In 1913, geologist Arthur Holmes published “the Age of the Earth,” the first major effort to date the planet using radiometric dating. “It is perhaps a little indelicate to ask of our Mother Earth her age,” he wrote in his introduction — then proceeded to reveal that she was roughly 1.6 billion years old.
When Holmes presented the findings at a meeting of the Geological Society of London two years later, he was “violently attacked” by critics. “I found myself an exasperated minority of one,” he would later recall. But time would prove him right. By the 1940s, the geology community had mostly accepted his revised estimate of about 4.5 billion years — a number not far from the one we use today.
Modern geologists date minerals called zircons, tiny crystals that form in volcanic eruptions and that are hardy enough to survive for billions of years. Zircons consist of silica, oxygen and the element zirconium, but are occasionally contaminated with uranium as they form. Because of the structure of the crystals, zircons never include lead when they are forged inside the Earth. This makes them, as this University of California at Berkeley webpage put it, “nearly perfect clocks.” Any lead that scientists find in the crystals must come from radioactive decay.
To do this, scientists use a technique called mass spectrometry. Put simply, they excite atoms from zircons or other materials, then expose the charged particles to a magnetic field. This allows researchers to sort the atoms by mass and charge, so they can detect the signatures of particular isotopes.
But even the oldest zircons are not as old as the Earth itself. Everything on our world eventually is eroded or subsumed back into the crust. To get a truly precise date for the origin of our planet, scientists have to look beyond it.
Meteorites offer exactly what they need. The asteroids that meteorites come from are some of the most primitive objects in the solar system. They were formed at the same time as our planet and everything else in our solar system, but they have not been changed by the tectonic processes that shape Earth, so they're like time capsules.
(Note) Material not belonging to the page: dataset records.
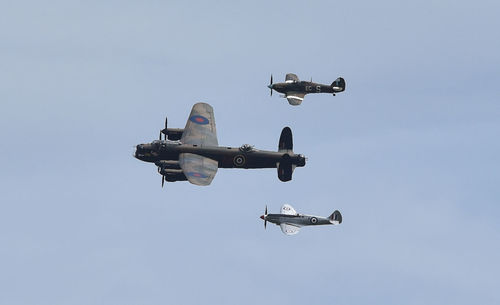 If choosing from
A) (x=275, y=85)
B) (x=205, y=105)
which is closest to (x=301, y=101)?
(x=275, y=85)

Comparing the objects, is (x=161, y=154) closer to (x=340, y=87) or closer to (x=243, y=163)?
(x=243, y=163)

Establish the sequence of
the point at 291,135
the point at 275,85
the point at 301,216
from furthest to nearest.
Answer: the point at 275,85 → the point at 301,216 → the point at 291,135

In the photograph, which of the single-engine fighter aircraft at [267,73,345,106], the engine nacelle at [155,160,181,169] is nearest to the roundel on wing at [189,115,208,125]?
the engine nacelle at [155,160,181,169]

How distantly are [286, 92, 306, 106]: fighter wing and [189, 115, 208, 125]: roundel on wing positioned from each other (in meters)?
15.5

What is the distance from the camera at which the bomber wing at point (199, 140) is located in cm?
10200

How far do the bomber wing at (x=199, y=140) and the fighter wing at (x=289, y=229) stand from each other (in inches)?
568

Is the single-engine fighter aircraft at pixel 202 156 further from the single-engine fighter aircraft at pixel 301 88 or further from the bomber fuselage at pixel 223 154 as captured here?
the single-engine fighter aircraft at pixel 301 88

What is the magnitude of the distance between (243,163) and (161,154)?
946 centimetres

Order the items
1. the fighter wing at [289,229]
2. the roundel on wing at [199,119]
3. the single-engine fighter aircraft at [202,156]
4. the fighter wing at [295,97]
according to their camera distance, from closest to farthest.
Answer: the single-engine fighter aircraft at [202,156] → the roundel on wing at [199,119] → the fighter wing at [289,229] → the fighter wing at [295,97]

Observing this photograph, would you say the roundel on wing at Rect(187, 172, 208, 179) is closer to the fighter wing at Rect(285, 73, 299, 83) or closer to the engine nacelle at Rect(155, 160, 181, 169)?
the engine nacelle at Rect(155, 160, 181, 169)

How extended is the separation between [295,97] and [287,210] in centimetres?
1574

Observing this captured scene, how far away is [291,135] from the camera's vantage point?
357 feet

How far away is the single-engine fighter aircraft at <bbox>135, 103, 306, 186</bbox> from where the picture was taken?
103312 mm

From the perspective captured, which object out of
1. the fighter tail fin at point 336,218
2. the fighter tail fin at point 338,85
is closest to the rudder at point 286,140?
the fighter tail fin at point 336,218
Our first really solid estimate of the planet's age was obtained from radiometric analysis of the Canyon Diablo meteorite, a giant iron rock that blazed through Earth's atmosphere from space 50,000 years ago and was found by American scientists in 1891. (Native Americans had known about and utilized the iron fragments since prehistoric times.) Researchers used uranium-lead techniques to date the meteorite back 4.54 billion years, give or take about 70 million — the best age for our planet so far, according to the U.S. Geological Survey.
But scientists will keep trying to shave down that degree of uncertainty in their estimate by analyzing every ancient Earth rock, meteorite and solar system sample they can get their hands on. As the U.S. Geological Survey explains: “The best age for the Earth comes not from dating individual rocks but by considering the Earth and meteorites as part of the same evolving system.”
Correction: An earlier version of this post incorrectly described the mass spectrometry technique. Mass spectrometry is used to determine the composition of a sample by determining the mass and charge of its component parts.